Once the line with "Modern Wooden Coffee" is found in the data, output it and each following line exactly, up to and including the line with "Regensburger Zeitung Samstag", and nothing before or after.

__Data excerpts__.
'''
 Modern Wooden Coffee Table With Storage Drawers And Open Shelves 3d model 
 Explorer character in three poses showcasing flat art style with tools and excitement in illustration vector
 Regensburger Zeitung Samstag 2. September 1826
'''
'''
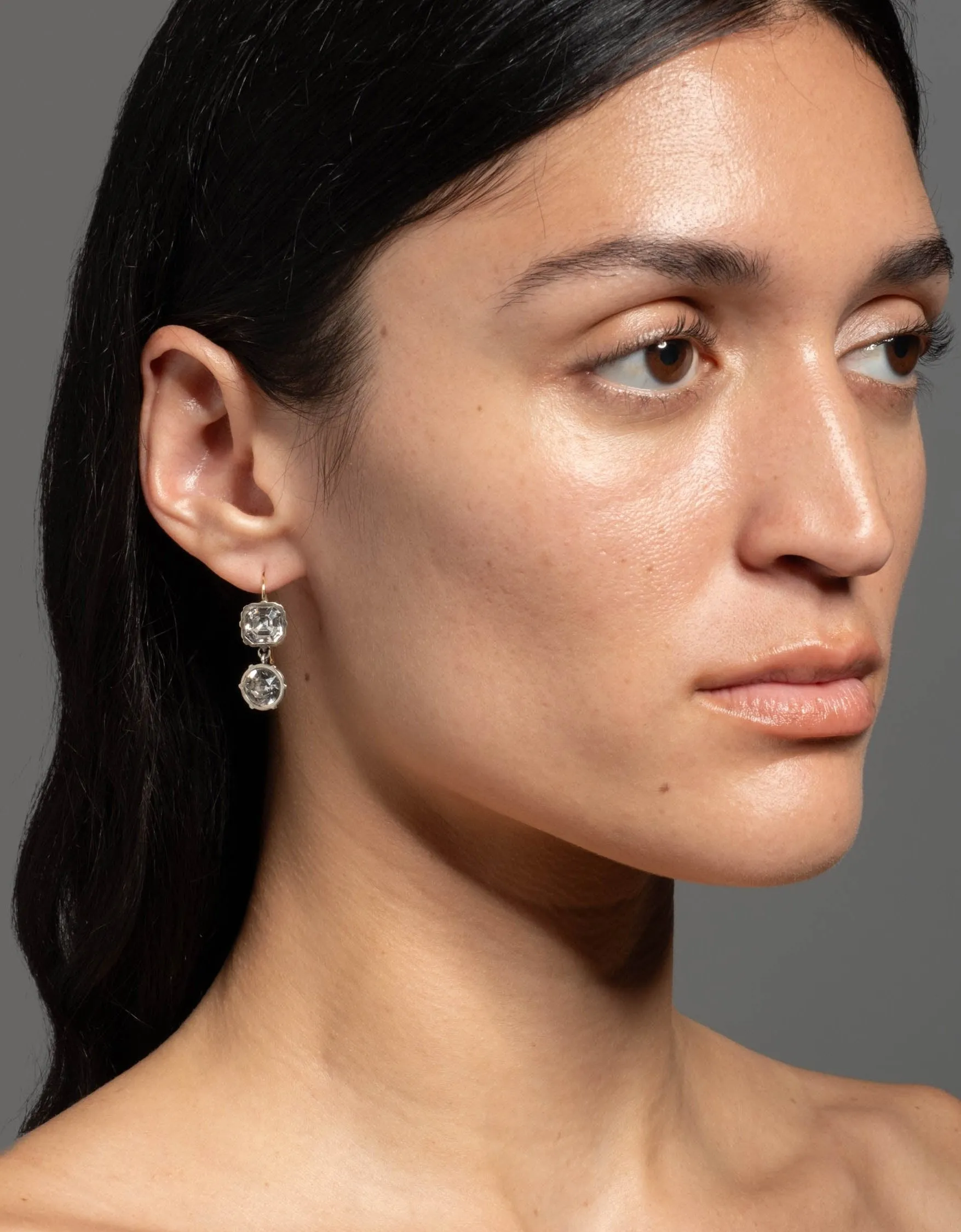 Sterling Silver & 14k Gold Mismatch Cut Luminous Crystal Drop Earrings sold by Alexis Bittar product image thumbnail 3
'''
__Exercise result__.
 Modern Wooden Coffee Table With Storage Drawers And Open Shelves 3d model 
 Explorer character in three poses showcasing flat art style with tools and excitement in illustration vector
 Regensburger Zeitung Samstag 2. September 1826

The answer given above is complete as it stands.